Maria Callas morreu duas vezes. A primeira morte vitimou sua voz. O processo estava latente já em 1957 e consumou-se no início dos anos 60. A segunda morte foi em Paris, em 1977.
O atestado de óbito registra problemas cardíacos, mas seu primeiro marido, Giovanni Battista Meneghini, desconfia de suicídio.
As duas mortes estão, de certo modo, estreitamente relacionadas. Callas, diz o maestro Nicola Rescigno, não compreendeu de início a extensão da tragédia que se abateu sobre suas cordas vocais.
Reagiu de maneira desencontrada. Depois, deprimiu-se. Tornou-se uma consumidora obsessiva de tranquilizantes.
"Ela vivia, de início, como uma vestal. Jantar fora era uma exceção em sua agenda. Quando sua rotina se tornou mais mundana, não foi apenas a voz que padeceu. Foi toda uma maravilhosa maquinaria que entrou em pane", diz Rescigno.

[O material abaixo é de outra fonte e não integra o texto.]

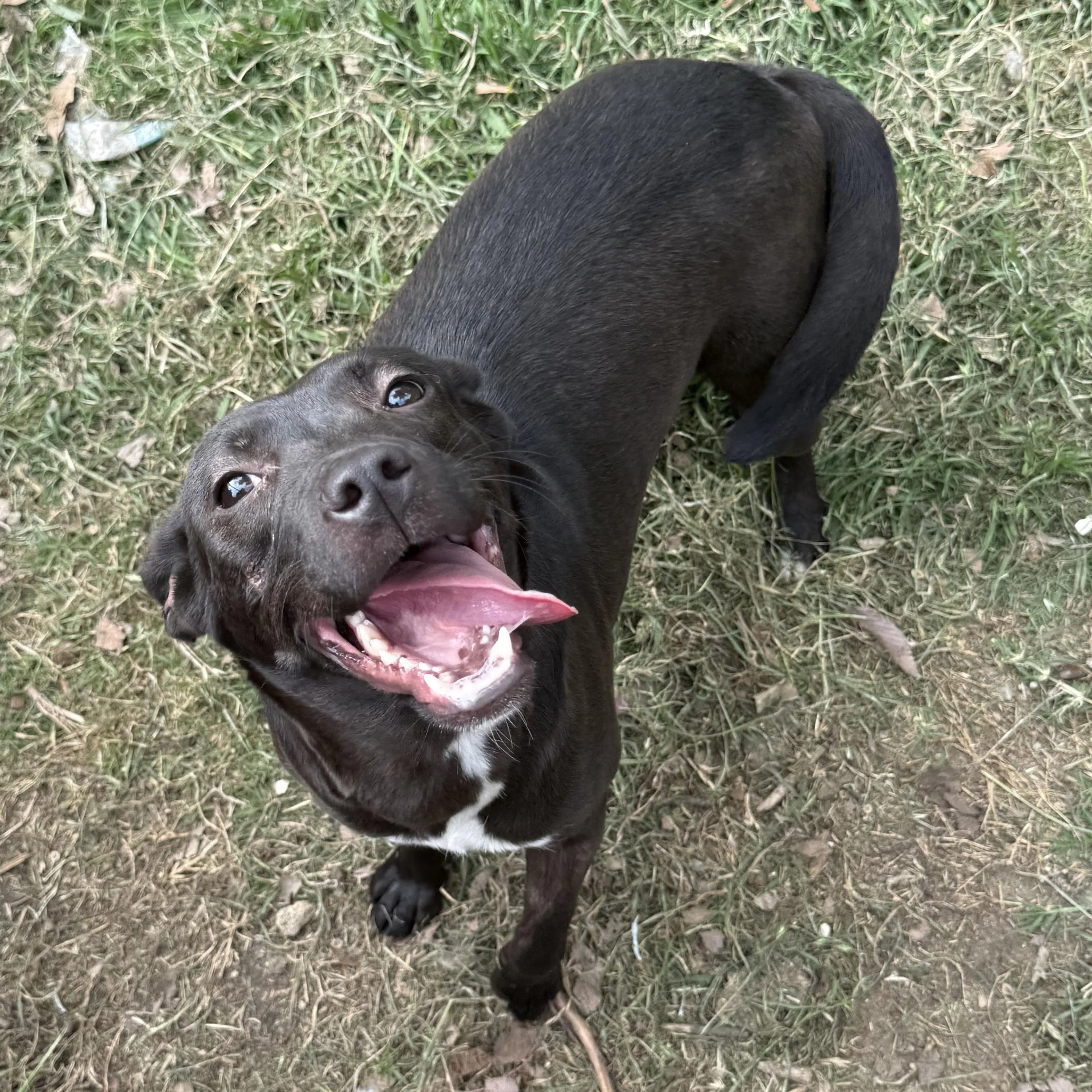 Found pet-3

Ele se refere especificamente ao período -verão de 1959- em que Callas conhece o armador grego Aristóteles Onassis, um notório ignorante nos meandros da arte lírica. De soprano e festejada prima-dona, ela passa a integrar o "jet set" internacional.
Uma de suas 20 biógrafas, Arianna Stassinopoulos, insinua que Callas se perdeu ao se deixar manipular pelos homens. Meneghini, marido e empresário oficioso, levou seu potencial artístico à exaustão, fazendo-a cumprir uma agenda artística excessiva. Onassis encarregou-se de concluir o estrago.
A grande síntese sobre o que aconteceu com Callas foi escrita por Will Crutchfield, em longo artigo de novembro de 1995 na revista "The New Yorker".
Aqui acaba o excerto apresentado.